Your objective> Return every record below exactly as written, but leave out the pictures.

== Data section ==

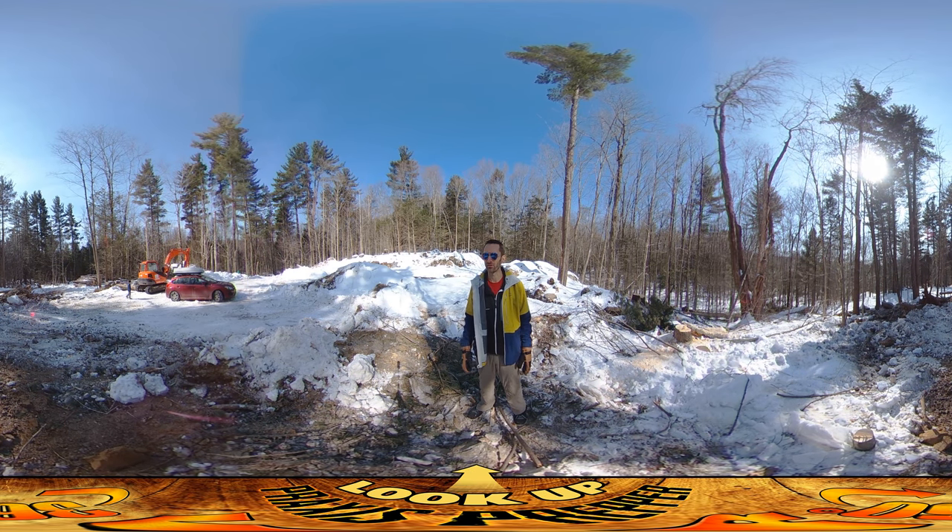Back behind you it looks like it's just piles of snow, and if you put the lumber on that and then it melts, it's going to destabilize.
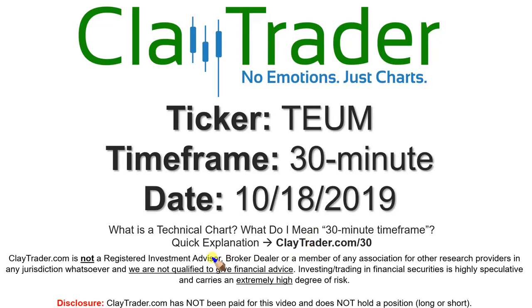We will take a look at the 30-minute timeframe. Real quick, if you're new to charts and not sure what I mean when I say 30-minute, I do offer an explanation video there, so go to that link and I will explain in detail.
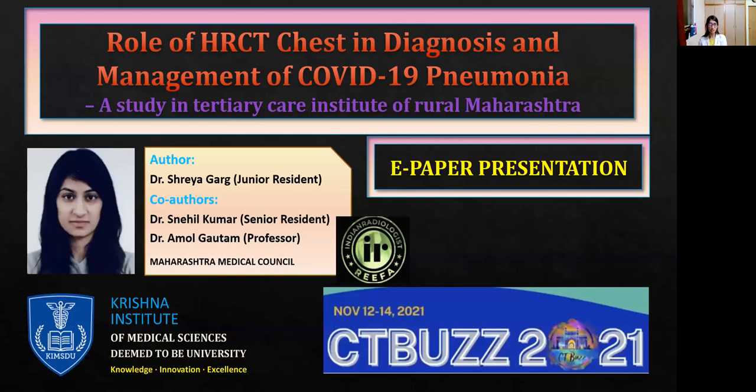Hello everyone, I'm Dr. Shreagal, junior resident from Pritchett Institute of Medical Sciences. I will be presenting on the topic: role of HRCT tests in diagnosis and management of COVID-19 pneumonia.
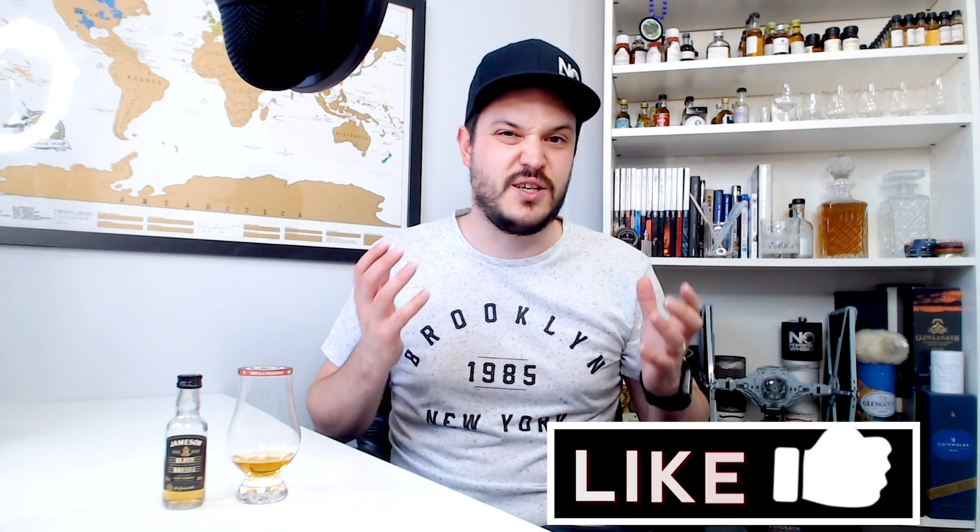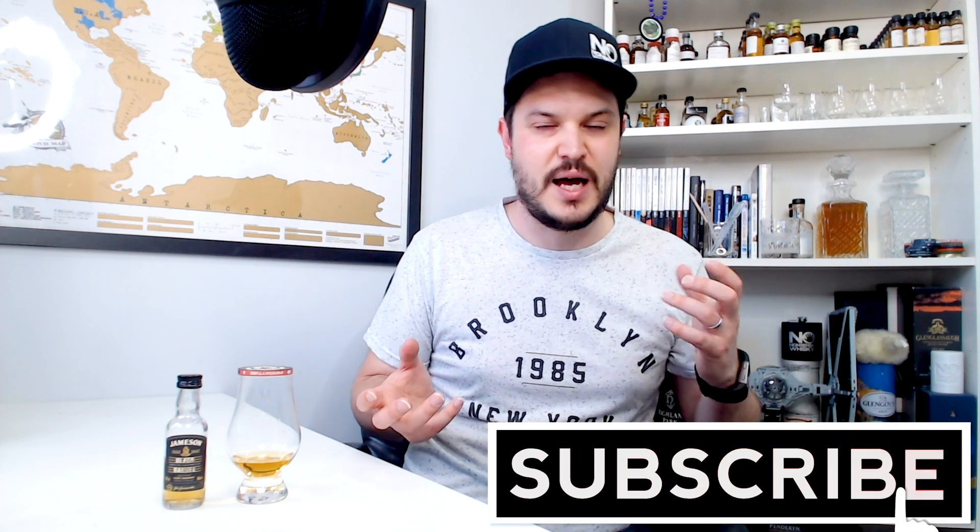This one is a little bit different to the normal range we've seen so far — the standard Jameson, bog standard as you get everywhere in the world. Then we've seen the Stout Cask Mate. I didn't do the IPA because it wasn't in my little pack, but I do prefer the stout to the IPA. That's a kind of cask experiment with some stout and some IPA. Now we've got the Black Barrel.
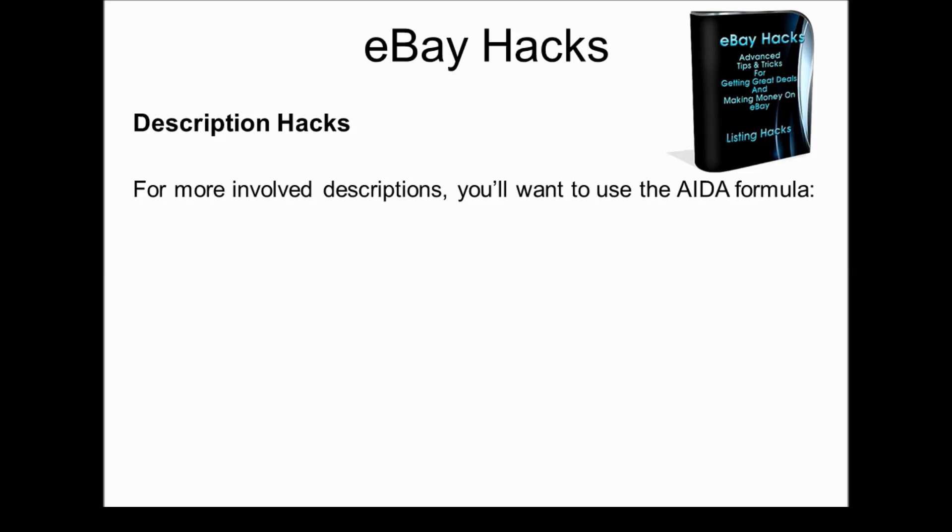If you have a more involved description, you'll want to use the AIDA formula that is used by top copywriters. A stands for Attention — at the very top of your description, you want a headline that draws attention. Many people just use the title, but you might want to use something similar to your title and highlight the most important benefit that product will bring to them. Then the I stands for Interest — you begin to explain the benefits of that product and build interest in the item.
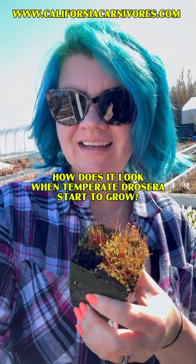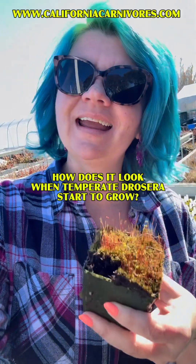Let's do a temperate Drosera check-in. I'm in zone 9A/9B and we're having a lot of sun. We still have really cold temperatures at night, in the 20s and 30s. Daytime temperatures are coming up over 40, into the 50s and 60s. But what's happening is I am seeing some of the temperate Drosera start to grow. So let's take a look.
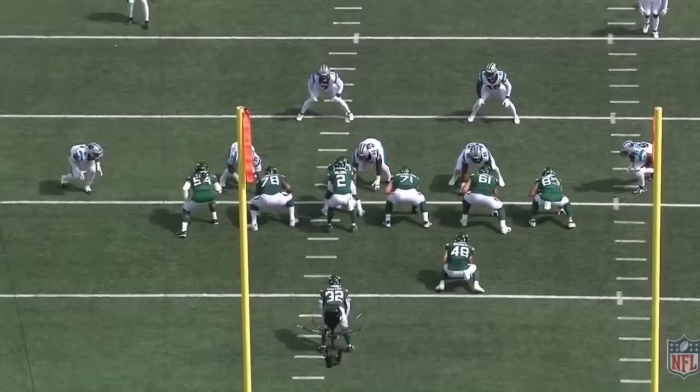So guys, that's why I was extremely excited by Michael Carter's performance against the Panthers. There was the change of direction, making the first man miss, and he was there as a pass catcher. Even though Dalvin's coming in, Michael Carter can still cook.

===

Written answer>
Back behind you it looks like it's just piles of snow, and if you put the lumber on that and then it melts, it's going to destabilize.
We will take a look at the 30-minute timeframe. Real quick, if you're new to charts and not sure what I mean when I say 30-minute, I do offer an explanation video there, so go to that link and I will explain in detail.
Hello everyone, I'm Dr. Shreagal, junior resident from Pritchett Institute of Medical Sciences. I will be presenting on the topic: role of HRCT tests in diagnosis and management of COVID-19 pneumonia.
This one is a little bit different to the normal range we've seen so far — the standard Jameson, bog standard as you get everywhere in the world. Then we've seen the Stout Cask Mate. I didn't do the IPA because it wasn't in my little pack, but I do prefer the stout to the IPA. That's a kind of cask experiment with some stout and some IPA. Now we've got the Black Barrel.
If you have a more involved description, you'll want to use the AIDA formula that is used by top copywriters. A stands for Attention — at the very top of your description, you want a headline that draws attention. Many people just use the title, but you might want to use something similar to your title and highlight the most important benefit that product will bring to them. Then the I stands for Interest — you begin to explain the benefits of that product and build interest in the item.
Let's do a temperate Drosera check-in. I'm in zone 9A/9B and we're having a lot of sun. We still have really cold temperatures at night, in the 20s and 30s. Daytime temperatures are coming up over 40, into the 50s and 60s. But what's happening is I am seeing some of the temperate Drosera start to grow. So let's take a look.
So guys, that's why I was extremely excited by Michael Carter's performance against the Panthers. There was the change of direction, making the first man miss, and he was there as a pass catcher. Even though Dalvin's coming in, Michael Carter can still cook.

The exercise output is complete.